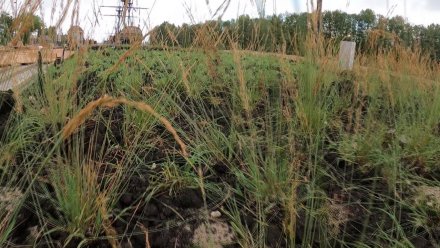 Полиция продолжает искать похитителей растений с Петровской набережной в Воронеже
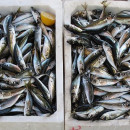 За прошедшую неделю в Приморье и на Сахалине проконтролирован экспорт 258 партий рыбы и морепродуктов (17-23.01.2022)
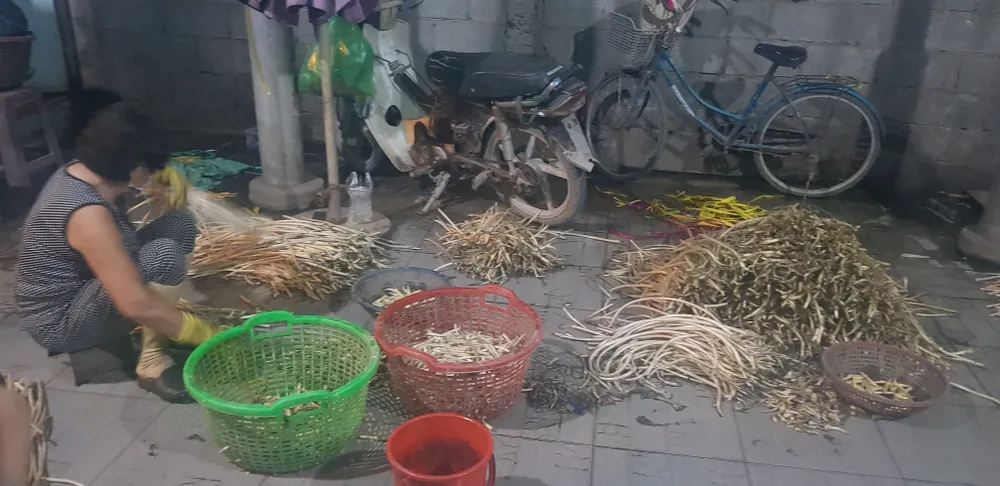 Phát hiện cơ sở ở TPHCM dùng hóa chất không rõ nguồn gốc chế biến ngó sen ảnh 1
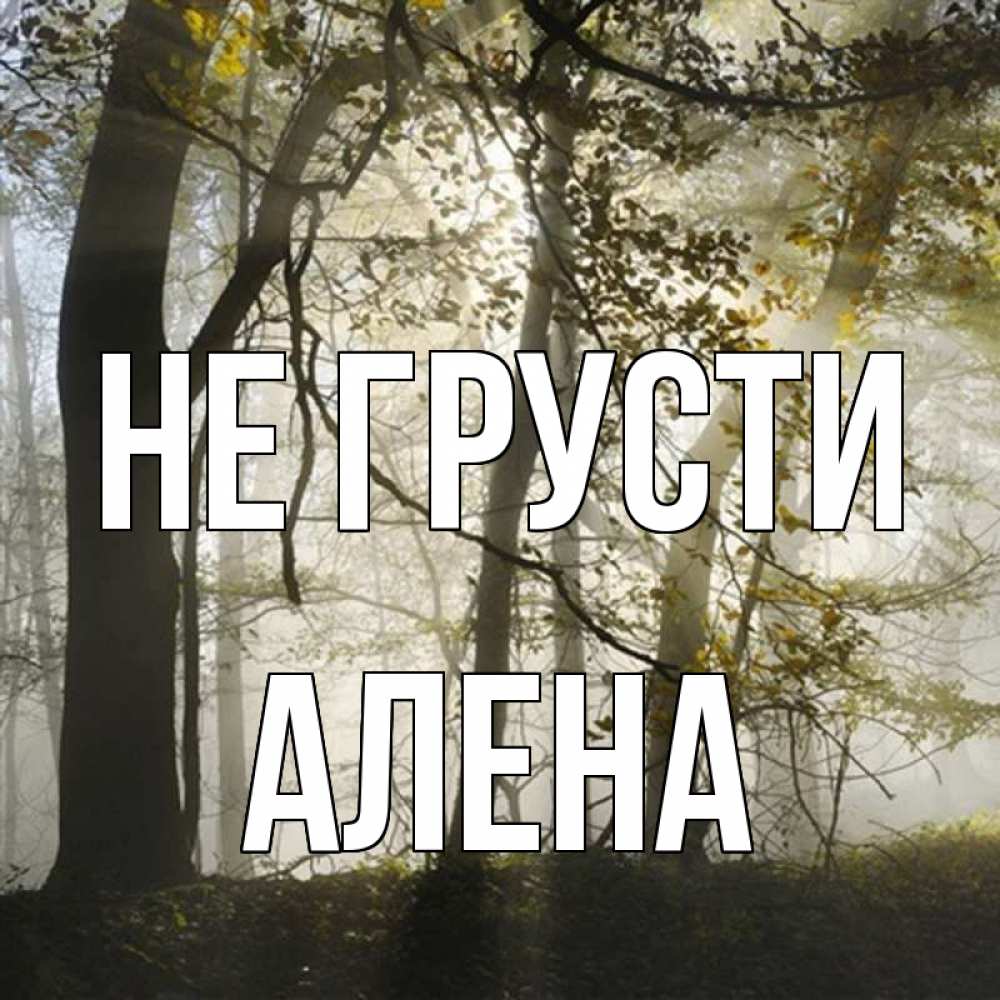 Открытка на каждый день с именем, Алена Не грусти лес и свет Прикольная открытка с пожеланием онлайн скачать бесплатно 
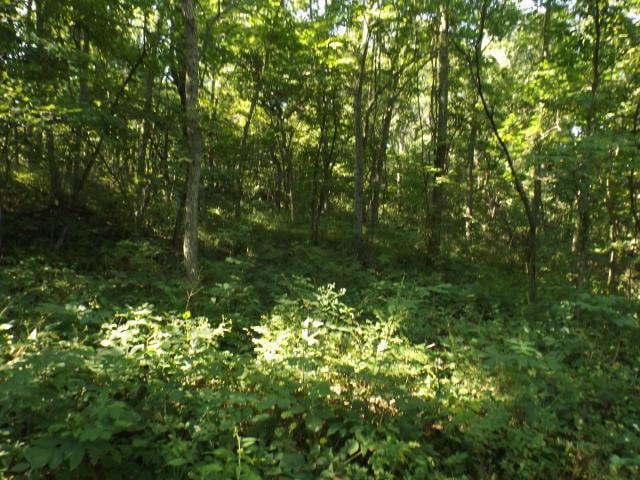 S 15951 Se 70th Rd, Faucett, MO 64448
========================================================================
- [EXERCISE OBJECTIVE] Quote the data above in full, leaving out the pictures it holds.

- [EXERCISE ANSWER]
 Полиция продолжает искать похитителей растений с Петровской набережной в Воронеже
 За прошедшую неделю в Приморье и на Сахалине проконтролирован экспорт 258 партий рыбы и морепродуктов (17-23.01.2022)
 Phát hiện cơ sở ở TPHCM dùng hóa chất không rõ nguồn gốc chế biến ngó sen ảnh 1
 Открытка на каждый день с именем, Алена Не грусти лес и свет Прикольная открытка с пожеланием онлайн скачать бесплатно 
 S 15951 Se 70th Rd, Faucett, MO 64448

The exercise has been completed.